The way the crate works is simple:

  1. Instead of opening the target file directly, the crate opens a temporary file.
  2. You write to the temporary file.
  3. Once all changes are in, the temporary file contents are synced to the storage, and it is atomically renamed so that it replaces the target file.

This is not by any chance a new technique that I invented, and it’s a very common strategy to solve the problem. This technique guarantees that if a crash occurs at or before step 3, then the file will have the old contents, unchanged. If a crash occurs after step 3, then the file will have the new contents.

There’s a small caveat with this technique: if a crash occurs between steps 1 and 3, then the crate will leave behind a temporary file that occupies some space on the storage device with no purpose.

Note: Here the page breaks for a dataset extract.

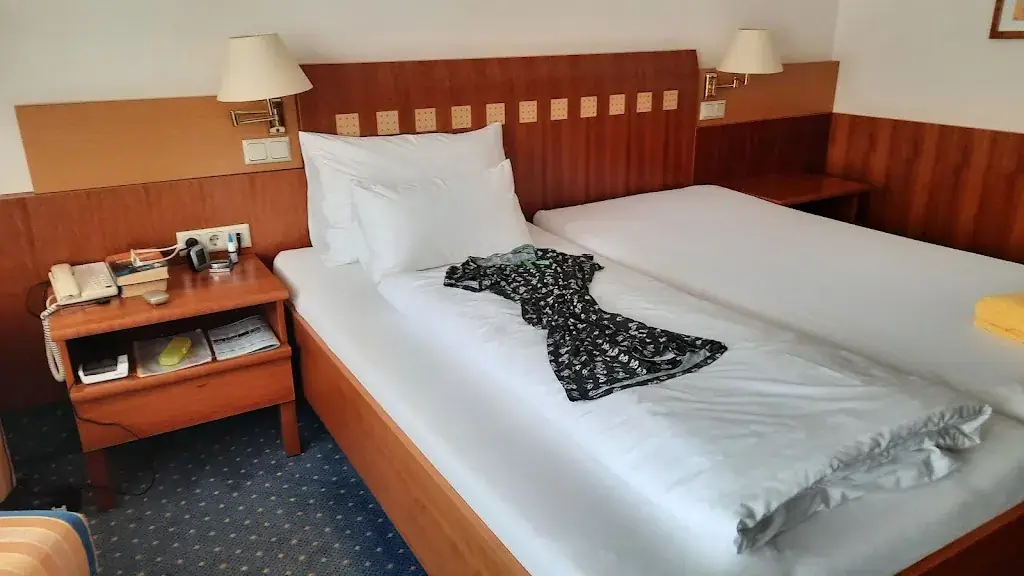 Hotel Cafe-Restaurant J & I Geier_Bad Schönau_slider_image_1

This is where Linux anonymous temporary files come into play: this Linux-specific feature allows you to create temporary files that are written on the filesystem, but are not given a path in the filesystem. If a crash occurs between step 1 and 3, the temporary file will simply be forgotten into oblivion.

Meet the opponent: btrfs

Using Linux anonymous temporary files seemed very appealing for atomic-write-file to avoid leaving leftovers behind, although I knew that they’re not the perfect solution: there’s limited support (they’re supported only on Linux, and only on some filesystems), they require the use of Linux features that may not be available all the time (the /proc filesystem), and they also have the problem that, sooner or later, they will need to be given a name if we want to be able to replace the target file, and this leaves a small time window during which we could leave some cruft behind.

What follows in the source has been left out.